As virus mutes Dubai nightlife, Filipino bands feel the pain


Dubai: Eric Roman struts onstage in his torn jeans and grasps the microphone.
It’s midnight on a Friday and in normal times, he’d hear wild applause from this tightly packed hotel bar in one of the old neighbourhoods alongside the Dubai Creek. Sweaty throngs of fellow Filipinos, Arab businessmen and mall employees fresh from their shifts would hit the dance floor as he belted out Journey’s “Don’t Stop Believin’” with his nine-piece Filipino band.

But now the crowds, along with his bandmates, have vanished in compliance with coronavirus restrictions that ban dancing and cap the number of musicians onstage. Roman took a 65 per cent pay cut when his club reopened after the lockdown. Guitarists, bassists and drummers weren’t so lucky.

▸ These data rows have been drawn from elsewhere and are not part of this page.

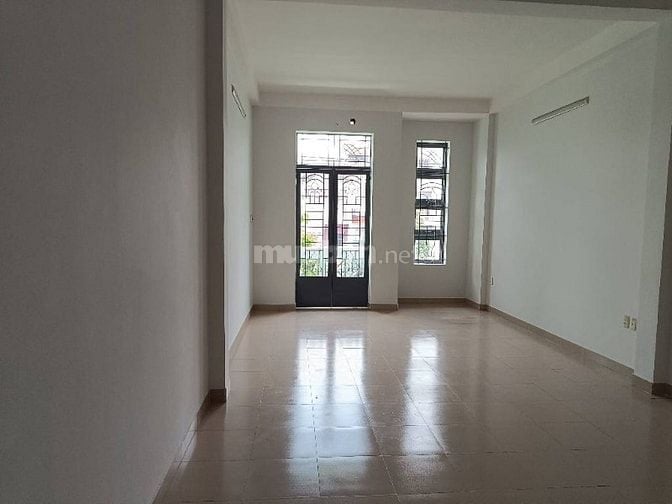Bán Nhà Mặt Phố Tạ Quang Bửu, 5 Tầng 6PN 4WC,  Khu Kinh Doanh Sầm Uất
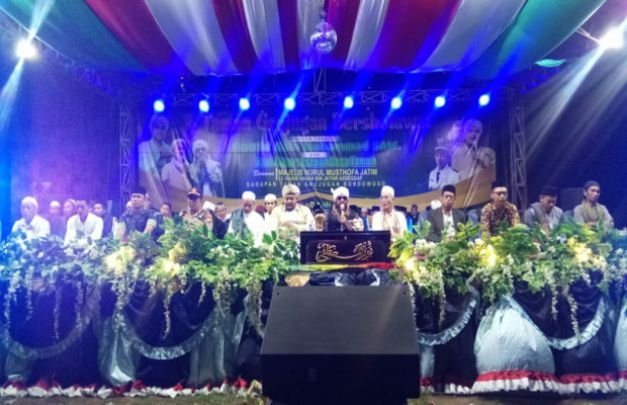 Foto:  Ribuan Jamaah Sholawatan Nurul Musthofa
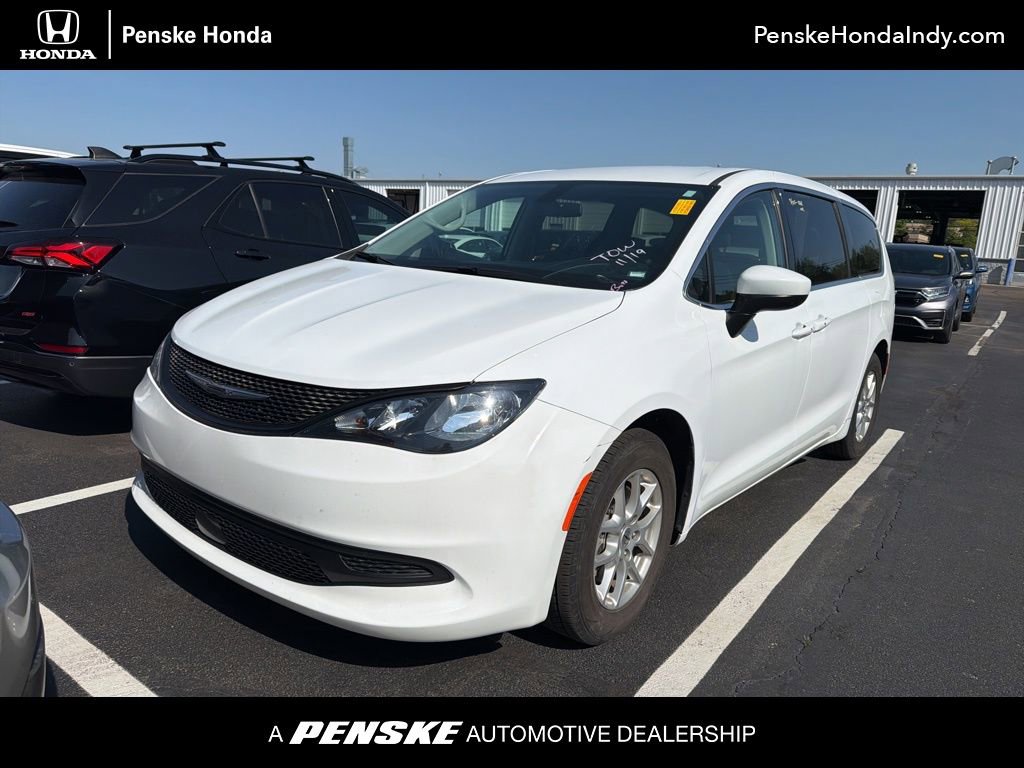 Used 2022 Chrysler Voyager LX FWD image 1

“Dubai is dead,” said Roman, 40.

“Every day we’re wondering where we’re going to get our next meal, our next glass of water, how we’re going to survive in this city.” Show bands from the Philippines have long animated Dubai’s nightlife, satisfying an appetite for rock, R&B and pop that has grown with the emirate’s expat population.

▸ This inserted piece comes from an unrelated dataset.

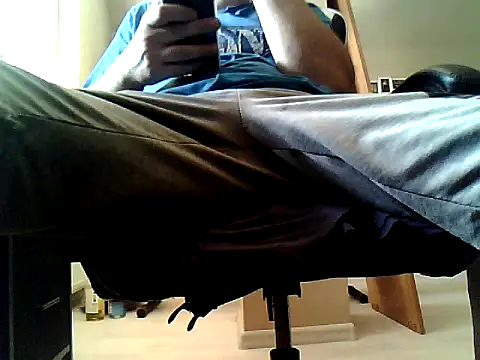 Snapshot of georgee801 chatting on 08.01.26 georgee801 online show from 08.01.26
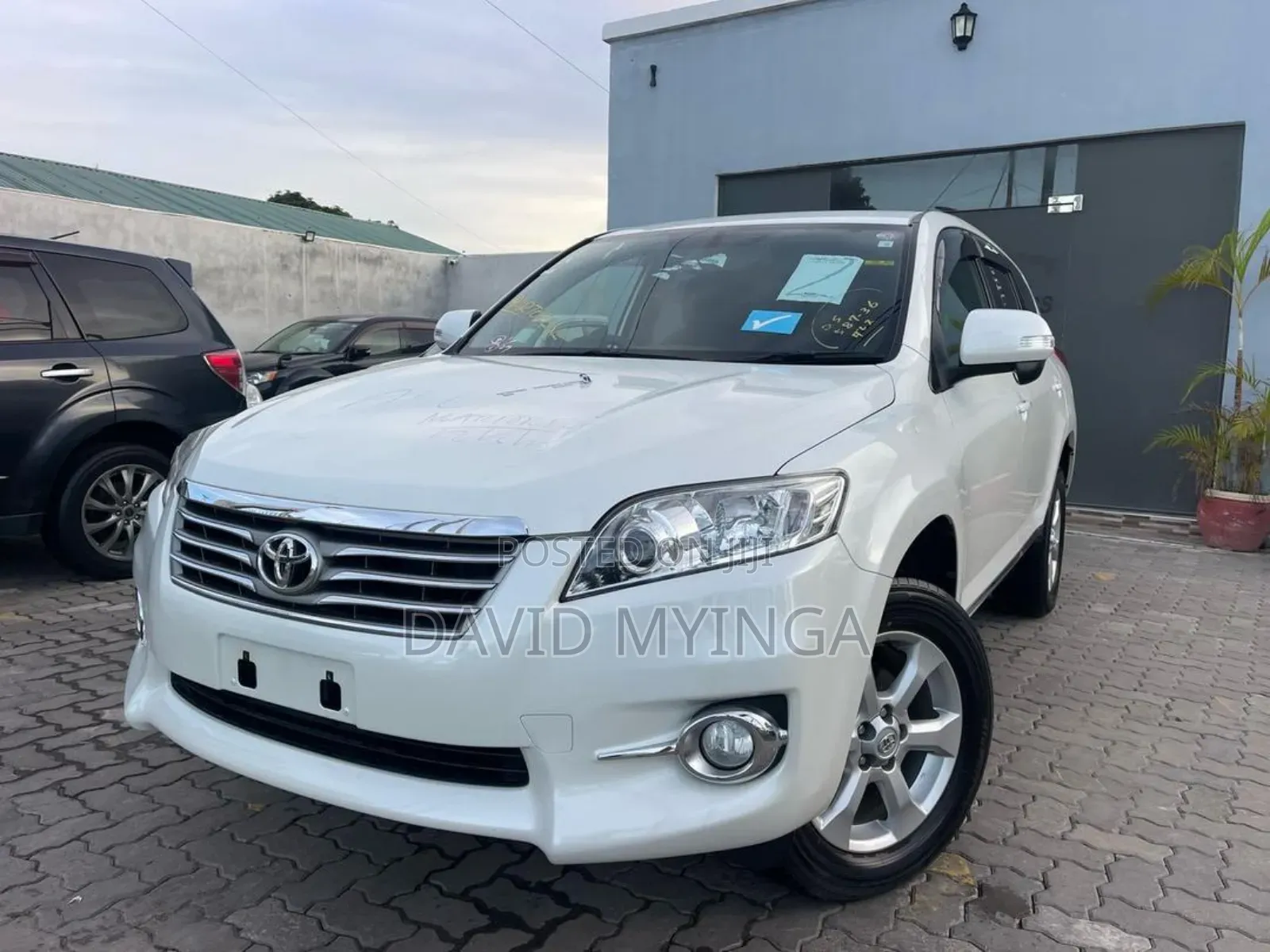 Toyota Vanguard 2011 Pearl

Now, as the pandemic mutes the city’s live-music scene and clobbers its economy, hundreds of Filipino performers are struggling to survive.

Traveling Filipino house bands burst into prominence in the early 1900s during the US occupation of the archipelago. Already well-versed in Western church music and military anthems from three centuries of Spanish imperialism, Filipinos deftly picked up on the latest American music trends, from jazz to rock ‘n’ roll, said Mary Lacanlale, an assistant professor of

Asian-Pacific Studies at California State University Dominguez Hills.

By the century’s end, karaoke was a national pastime. Filipino performers — with an uncanny ability to imitate Western music legends — became a mainstay in the nightclubs of emerging entrepôts throughout Asia and the Persian Gulf.

Dubai drew legions of Filipino cover bands to fuel its rapid transformation from a desert pearling port into regional party capital.

“Our music builds Dubai’s reputation as a place that transcends political, racial and geographical divides,” said Paul Cortes, the Philippine consul general in Dubai, who also happens to be a singer.

An uncertain fate now awaits the musicians, plucked from impoverished provinces to work in smoky lounges and hotel bars overseas.

“Agents promise you heaven and give you hell,” said AJ Zacarias, a singer-keyboardist and president of the UAE’s Filipino Bands Alliance, an advocacy group.

“We’re some of the world’s most sought-after artists, and they treat us like garbage here.” British vocalists can earn close to what Filipinos make in a month, Zacarias said. Managers reserve “the good hotel suites” for traveling Indian dancers, while Filipinos are often packed eight to a room in unsanitary accommodations, he added.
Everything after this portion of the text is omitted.